La semana se me va pasando entre editoriales, columnas, libros, bicicletas y lormetazepam en gotas. Juan Sánchez Parra acaba de sacar su libro sobre liderazgo y triunfo. Secretos para el éxito. Enfocado al emprendimiento, a mí, que emprendo poco, me viene muy bien su lectura para mi único negociado: una novia paseable.
Y en lecturas líricas, para encontrar mi propia voz, releo el SUR de Antonio Soler y un día de verano entre un enjambre de voces. El mundo es tal que así, con idas y venidas. Un amante de un día, un atleta que sueña. Una muerte en un descampado y ese calor castellano, viento del Norte, que en ocasiones infarta a la ciudad del paraíso. Esa ciudad donde fui feliz…
Desde Málaga precisamente me llega la muerte del decano de la escritura en los periódicos, Manuel Alcántara. Amigo principal, de confidencias y de sobremesas. Con él aprendimos más literatura que en mil libros y en mil másteres. Tengo escrito que ha vivido largo y ha escrito en corto: poemas, crónicas y sobre todo esas columnas diarias dirigidas al alma y a la sonrisa del lector.
Con 91 años se va a ver la eternidad y yo escribo varios obituarios. Por desgracia es un género que se me da con facilidad y los intento hacer en vida: hablar bien de un semejante es un vicio raro en España.
Me acompaña en estos trenes como días, en estos amaneceres en el chemin de fer, su Manera de silencio en edición facsímil. La poesía de antes, sin twitter, le cantaba al amor, al mar, a Dios. Ahora dicen que cuentan que las editoriales han descubierto Eldorado con la poesía joven que canta a la cremallera y a la resaca. Pues bueno…
En Semana Santa dejo Madrid con bochorno y bajo a Málaga con frío. Con Cristóbal Villalobos ceno en un tablao sin cantaores y le cuento lo de mi libro y lo del Gólgota que me espera hasta que España vote. En las paredes hay discos de Julio Iglesias y nos dedicamos a hacer una exégesis de la letra de El bacalao: de tan simple es un clásico.
Hace frío en los días santos, las procesiones me echan de menos y ahora —preparando cuerpo y mente para lo que viene— leo a dos poetas que tenía pendientes: Antonino Nieto y Jaime Cedillo.

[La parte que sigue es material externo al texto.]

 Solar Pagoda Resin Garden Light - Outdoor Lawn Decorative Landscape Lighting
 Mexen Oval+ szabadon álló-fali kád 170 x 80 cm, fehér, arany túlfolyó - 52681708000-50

Es curioso cómo voy dejando la poesía para los días de reposo. No concibo ni la prisa ni el metro para el ensueño de un poema: si la orilla del mar, la casa familiar, una hamaca en La Mudarra.
Volver a la poesía
Antonino Nieto es un poeta total. Quiero decir que es poeta y gestor cultural y un hombre que trata, de verdad, de darle a Madrid esa capitalidad cultural que merece. Como a Terencio, nada humano le es ajeno, y así prepara antologías, recitales, performances y demás. Admiro su capacidad de pegarle a un palo del Arte con brillantez y sin perjuicio del resto. Su libro, El ojo del abismo toma de la mano el arco iris, viene con una cubierta psicodélica y esconde no pocos hallazgos: «Nos vacían la memoria / por nuestro bien nos protegen / contra nuestra supuesta libertad / libertas, llegado el caso, para el dolor y la muerte».
Y leo Cedillo, un carnavalero al que tutoricé, Jaime Cedillo, sí, con su Intramuros. De Cedillo uno aprecia su libertad, su madurez, su querencia gaditana —es de por la zona de Torrijos— y esa cosa tierna de ser poeta incluso en estos tiempos. Su Intramuros nos gusta cuando poetiza del café, del amor, del Metro. Pero así, en corto y sin ser sublime. «Saber que pienso en otra cosa / y eres tú».
Olé.
La vida pasa, sí, me arranco canas como campañas. Le puse algo de jazz a una chica que sólo me besó y se fue de mi casa. Eran las 4 de la mañana y escuchábamos a Louis Armsntrong desde la tablet. Creyó que había perdido los zapatos. Se fue. Lloré y me dormí las vísperas del día del libro.